Tali Pernikahan

Tali Pernikahan
Bab 105


__ADS_3

❤️ Happy Reading ❤️


Seperti permintaan Aluna, acara ijab qobul di laksanakan di ruangan tertutup.


Di sana hanya di hadiri pihak dari petugas KUA serta wali nikah yang di wakili olah seorang ustadz ternama kenalan baik keluarga Narendra.


Sedangkan untuk saksi ada Hanan dan juga Diki, dua orang kepercayaan daddy Axel dan Arsen.


Mereka tak ingin memasukkan orang lain dalam ruangan tersebut, karena tak ingin rahasia Aluna terkuak dan menjadi konsumsi publik.

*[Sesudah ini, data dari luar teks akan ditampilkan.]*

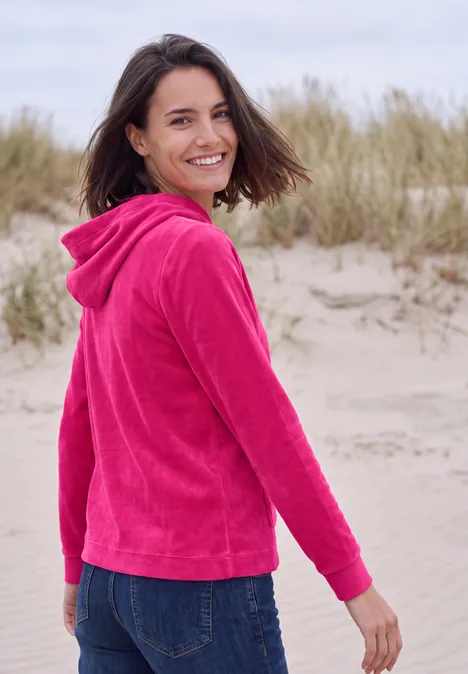 T-shirt à manches longues en velours côtelé avec capuche pink flash Eine Frau in pinkem Hoodie und Jeans steht auf Sanddünen am Strand und lächelt zurück.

Dari pihak keluarga sendiri ada mommy Shakila, daddy Axel serta oma Shanum, opa Arya juga Arsyila dan tunangannya Abra.


Dengan satu tarikan nafas, Arsen dengan lantang mengucapkan kalimat ijab secara lancar.

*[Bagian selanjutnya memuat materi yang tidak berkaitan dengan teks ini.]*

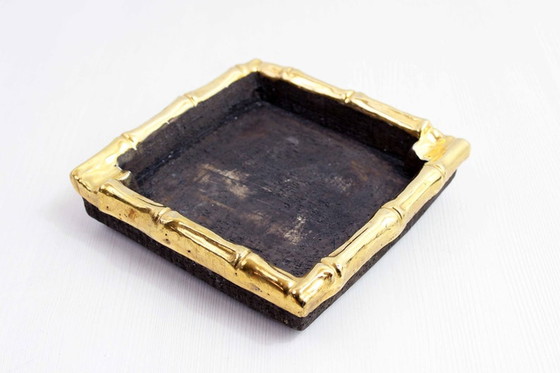 Image 1 of Very elegant ashtray which will quickly find its place on a side table or outdoor furniture.  Very well made, it is made of raw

Mas kawin yang di berikan pun tak main-main, Arsen memberikan banyak sekali mahar bernilai fantastis untuk Aluna.


Setelah terdengar kata ''SAH'' Arsyila langsung pergi kekamar untuk memanggil Aluna.


Gadis ayu itu datang bersama Arsyila serta Mira yang mengapit di kiri dan kanannya.

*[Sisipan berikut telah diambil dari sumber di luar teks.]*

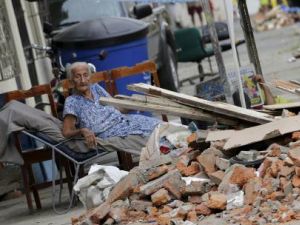 امرأة تجلس خارج منزلها المدمر بفعل الزلزال في الإكوادور يوم الجمعة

''Kedip bos.'' bisik Diki ketika melihat atasannya begitu terpesona dengan wanita yang saat ini sudah berganti status menjadi nyonya Arsen Narendra.


''Bos.'' senggol Diki karena Arsen masih tak merespon sampai Aluna sudah hampir mendekat.


''Apa?'' tanya Arsen yang tersadar.


''Gak apa-apa.'' sahut Diki.


Setelah semua proses di dalam selesai...mereka semua keluar untuk menemui para tamu yang hadir.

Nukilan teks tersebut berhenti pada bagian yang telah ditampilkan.